TASK STATEMENT>
Give back only the lines in the records below from the one with "DNC Hivis Segmented" to the one with "Black Polka Dot", both inclusive, word for word.

--------------------

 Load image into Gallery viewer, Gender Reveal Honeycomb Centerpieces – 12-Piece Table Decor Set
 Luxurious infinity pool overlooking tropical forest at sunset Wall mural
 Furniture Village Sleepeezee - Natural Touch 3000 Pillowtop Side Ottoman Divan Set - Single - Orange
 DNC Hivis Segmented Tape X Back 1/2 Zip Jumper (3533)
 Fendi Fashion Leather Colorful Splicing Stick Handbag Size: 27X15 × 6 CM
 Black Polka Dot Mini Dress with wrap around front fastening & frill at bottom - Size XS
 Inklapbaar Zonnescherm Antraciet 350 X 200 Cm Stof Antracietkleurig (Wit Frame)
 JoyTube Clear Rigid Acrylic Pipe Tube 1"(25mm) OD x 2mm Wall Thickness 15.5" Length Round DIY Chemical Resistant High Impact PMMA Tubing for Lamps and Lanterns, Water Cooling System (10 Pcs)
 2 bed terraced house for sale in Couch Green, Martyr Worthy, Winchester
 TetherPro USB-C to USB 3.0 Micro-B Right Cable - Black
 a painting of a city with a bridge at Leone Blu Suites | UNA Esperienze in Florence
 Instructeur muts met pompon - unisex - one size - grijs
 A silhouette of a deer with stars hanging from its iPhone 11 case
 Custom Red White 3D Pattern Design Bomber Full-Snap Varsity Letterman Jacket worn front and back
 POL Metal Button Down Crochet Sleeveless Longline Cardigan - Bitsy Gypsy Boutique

--------------------

SOLUTION TO THIS PROBLEM>
 DNC Hivis Segmented Tape X Back 1/2 Zip Jumper (3533)
 Fendi Fashion Leather Colorful Splicing Stick Handbag Size: 27X15 × 6 CM
 Black Polka Dot Mini Dress with wrap around front fastening & frill at bottom - Size XS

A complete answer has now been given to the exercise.